Below are entries. Copy exactly the lines running from the line that holds "Un ou plusieurs" to the line that holds "Men's relaxed fit, high-waist", with both ends included.
Supplied records START
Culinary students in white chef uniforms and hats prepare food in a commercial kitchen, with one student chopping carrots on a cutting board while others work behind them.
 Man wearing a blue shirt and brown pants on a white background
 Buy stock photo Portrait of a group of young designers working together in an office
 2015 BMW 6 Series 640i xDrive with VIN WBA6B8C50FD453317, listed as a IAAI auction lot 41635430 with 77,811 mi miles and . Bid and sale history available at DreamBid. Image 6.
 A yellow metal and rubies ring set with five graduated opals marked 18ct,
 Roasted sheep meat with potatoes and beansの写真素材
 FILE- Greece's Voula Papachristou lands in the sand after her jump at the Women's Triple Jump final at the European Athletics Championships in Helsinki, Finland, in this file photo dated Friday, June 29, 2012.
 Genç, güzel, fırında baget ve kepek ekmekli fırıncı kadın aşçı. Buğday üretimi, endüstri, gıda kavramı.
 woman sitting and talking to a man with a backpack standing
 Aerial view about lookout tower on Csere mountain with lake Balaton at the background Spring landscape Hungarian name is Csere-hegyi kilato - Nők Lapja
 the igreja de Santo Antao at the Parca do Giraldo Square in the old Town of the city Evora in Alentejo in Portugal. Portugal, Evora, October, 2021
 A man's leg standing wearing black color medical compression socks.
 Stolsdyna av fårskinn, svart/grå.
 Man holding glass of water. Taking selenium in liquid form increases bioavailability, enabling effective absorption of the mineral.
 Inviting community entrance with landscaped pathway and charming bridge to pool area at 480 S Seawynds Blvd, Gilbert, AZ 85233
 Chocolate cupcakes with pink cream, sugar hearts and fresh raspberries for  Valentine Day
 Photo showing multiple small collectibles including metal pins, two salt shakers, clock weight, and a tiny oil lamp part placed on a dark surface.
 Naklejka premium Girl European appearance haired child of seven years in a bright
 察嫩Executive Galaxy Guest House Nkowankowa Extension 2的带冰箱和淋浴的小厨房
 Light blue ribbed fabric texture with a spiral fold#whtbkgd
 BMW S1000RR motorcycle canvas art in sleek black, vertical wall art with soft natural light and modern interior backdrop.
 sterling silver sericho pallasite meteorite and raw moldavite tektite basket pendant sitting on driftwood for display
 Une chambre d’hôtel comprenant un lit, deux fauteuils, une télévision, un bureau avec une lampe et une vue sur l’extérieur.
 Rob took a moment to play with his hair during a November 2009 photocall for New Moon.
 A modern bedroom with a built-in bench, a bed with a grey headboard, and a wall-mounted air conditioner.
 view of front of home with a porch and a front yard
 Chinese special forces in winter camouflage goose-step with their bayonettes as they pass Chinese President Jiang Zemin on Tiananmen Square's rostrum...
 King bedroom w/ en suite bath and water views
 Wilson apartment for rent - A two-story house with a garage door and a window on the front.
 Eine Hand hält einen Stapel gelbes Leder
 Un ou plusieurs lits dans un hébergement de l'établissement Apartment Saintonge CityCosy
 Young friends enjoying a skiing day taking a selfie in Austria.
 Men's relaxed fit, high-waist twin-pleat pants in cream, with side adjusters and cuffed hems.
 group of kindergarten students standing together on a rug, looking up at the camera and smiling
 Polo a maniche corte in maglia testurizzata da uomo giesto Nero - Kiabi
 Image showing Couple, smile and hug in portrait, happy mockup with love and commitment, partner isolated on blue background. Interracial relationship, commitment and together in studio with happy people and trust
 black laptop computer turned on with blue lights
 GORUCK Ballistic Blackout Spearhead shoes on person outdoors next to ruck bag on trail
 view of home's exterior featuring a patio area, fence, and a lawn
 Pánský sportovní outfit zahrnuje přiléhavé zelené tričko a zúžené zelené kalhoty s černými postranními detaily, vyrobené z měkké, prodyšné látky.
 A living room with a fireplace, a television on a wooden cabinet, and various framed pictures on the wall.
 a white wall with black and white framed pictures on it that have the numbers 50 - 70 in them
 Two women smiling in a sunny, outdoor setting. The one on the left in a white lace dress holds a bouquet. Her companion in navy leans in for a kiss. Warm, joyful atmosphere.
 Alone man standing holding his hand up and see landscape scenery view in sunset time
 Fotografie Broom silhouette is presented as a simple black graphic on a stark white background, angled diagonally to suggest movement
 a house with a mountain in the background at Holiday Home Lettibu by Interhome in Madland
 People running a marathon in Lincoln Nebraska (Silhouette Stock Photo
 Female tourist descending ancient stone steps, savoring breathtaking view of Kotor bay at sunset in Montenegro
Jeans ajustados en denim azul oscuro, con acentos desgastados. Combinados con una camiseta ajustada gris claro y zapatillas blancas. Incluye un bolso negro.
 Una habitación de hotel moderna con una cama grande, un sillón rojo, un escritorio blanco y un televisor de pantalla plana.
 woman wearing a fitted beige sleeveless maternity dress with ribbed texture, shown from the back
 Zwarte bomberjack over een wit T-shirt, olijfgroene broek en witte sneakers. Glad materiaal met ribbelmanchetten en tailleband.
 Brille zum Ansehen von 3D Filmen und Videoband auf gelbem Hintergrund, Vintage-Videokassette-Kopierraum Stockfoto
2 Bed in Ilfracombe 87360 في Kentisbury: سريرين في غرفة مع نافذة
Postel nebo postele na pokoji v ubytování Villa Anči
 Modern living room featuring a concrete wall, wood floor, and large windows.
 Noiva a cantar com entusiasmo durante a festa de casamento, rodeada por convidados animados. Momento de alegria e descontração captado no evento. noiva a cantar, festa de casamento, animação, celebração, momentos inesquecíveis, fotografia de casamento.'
Supplied records END
* [Task answer]:
 Un ou plusieurs lits dans un hébergement de l'établissement Apartment Saintonge CityCosy
 Young friends enjoying a skiing day taking a selfie in Austria.
 Men's relaxed fit, high-waist twin-pleat pants in cream, with side adjusters and cuffed hems.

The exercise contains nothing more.